ANZCTR - Registration

Registration number

ACTRN12624000097549

Ethics application status

Approved

Date submitted

15/12/2023

Date registered

2/02/2024

Date last updated

21/07/2024

Date data sharing statement initially provided

2/02/2024

Type of registration

Prospectively registered

Titles & IDs

Public title

GLY-200 for Duodenal Exclusion (GLYDE Study): Effects of GLY-200 in healthy humans and people with uncomplicated type 2 diabetes.

Scientific title

GLY-200 for Duodenal Exclusion (GLYDE Study): Effects of GLY-200 on plasma glucose concentrations, gastric emptying, small intestinal transit, glucose absorption (3-OMG), and insulin and gut hormones after a high carbohydrate semi-solid meal in healthy humans and people with uncomplicated type 2 diabetes.

Secondary ID [1]

None

Universal Trial Number (UTN)

Trial acronym

Linked study record

Health condition

Health condition(s) or problem(s) studied:

Type 2 diabetes

Obesity

Condition category

Condition code

Metabolic and Endocrine

Diabetes

Diet and Nutrition

Obesity

Intervention/exposure

Study type

Interventional

Description of intervention(s) / exposure

Participants who pass the screening visit will be randomised in a schedule determined by the Investigational Drugs Pharmacy, Royal Adelaide Hospital, in a double-blind, crossover design. After a 14-day run-in, including cessation of metformin for those usually metformin-treated, participants will undergo 2 treatment periods of 7 days each, separated by an interval of at least 14 days. The treatments will consist of GLY-200 2.0 g or placebo, given twice daily with 100 mL water, one hour before breakfast and dinner, provided in four matching gelatin capsules each containing 0.5 g GLY-200 or 0.5 g microcrystalline cellulose.
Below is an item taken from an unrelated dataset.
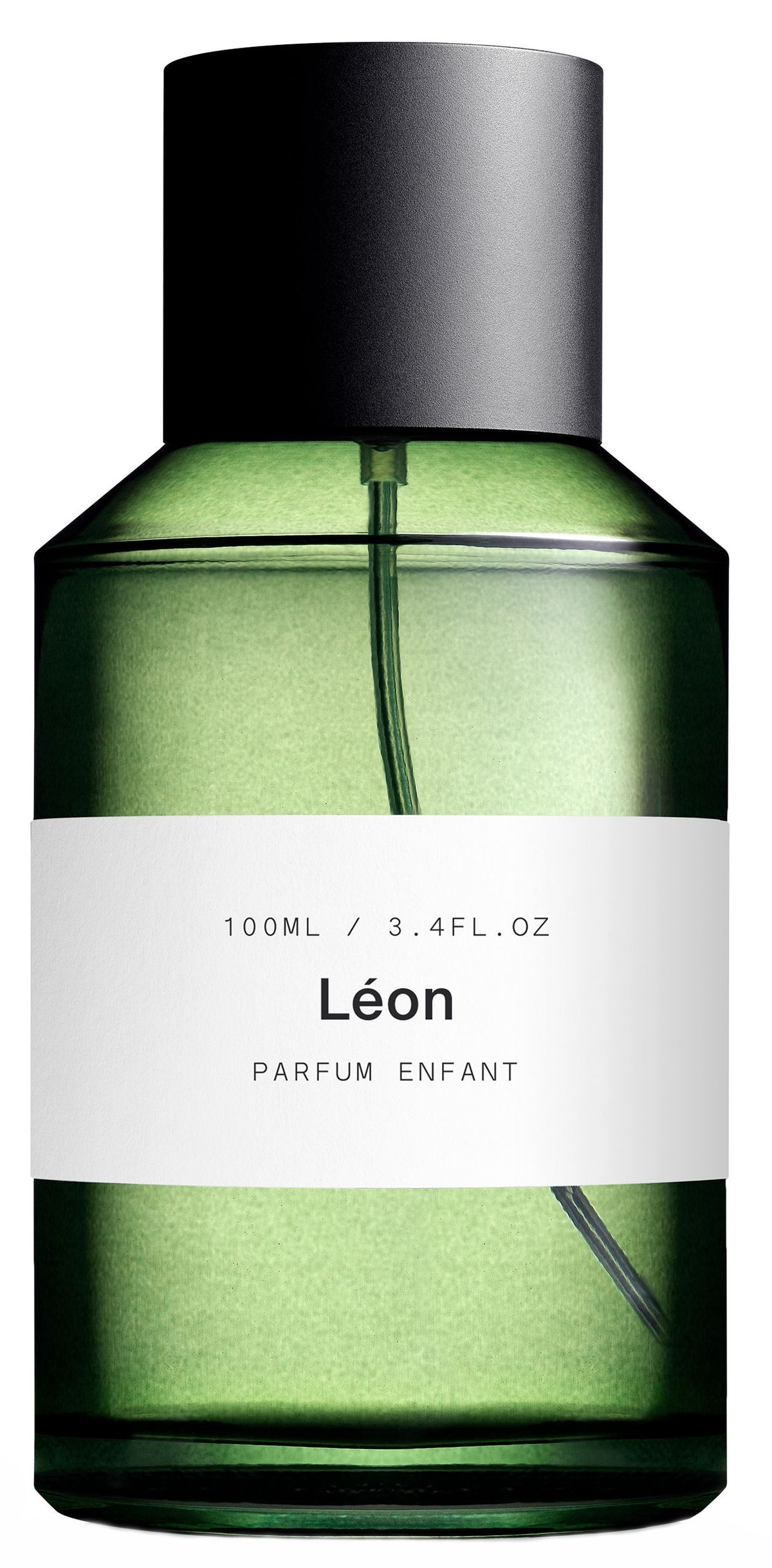 Léon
During each treatment period, and for 3 days before and after, participants will keep a daily record of upper gastrointestinal (GI) symptoms (using the Gastroparesis Cardinal Symptom Index Daily Diary (GCSI-DD)), and stool frequency and form (using the Bristol Stool Form Scale (BSFS)). Scores pertaining to the previous 24 hours will be recorded each evening, with daily reminder prompts by SMS. During each treatment week, participants will also have a daily telephone call with one of the investigators to reinforce compliance and monitor adverse events.

Participants will attend the clinical research facility (CRF) at Adelaide Health and Medical Science Building (AHMS) on the final day of each treatment period. On the evening preceding each of these study days (~1900h), participants will be given a standardised evening meal (McCain’s frozen beef lasagne (McCain Foods Proprietary Ltd, Victoria, Australia; or vegetarian lasagne for participants who are vegetarians) to consume with water. Following this meal, participants will be asked to fast from solids and liquids (water may be consumed until 10 pm) until the following morning, when they will attend the CRF of the AHMS building at 0800h.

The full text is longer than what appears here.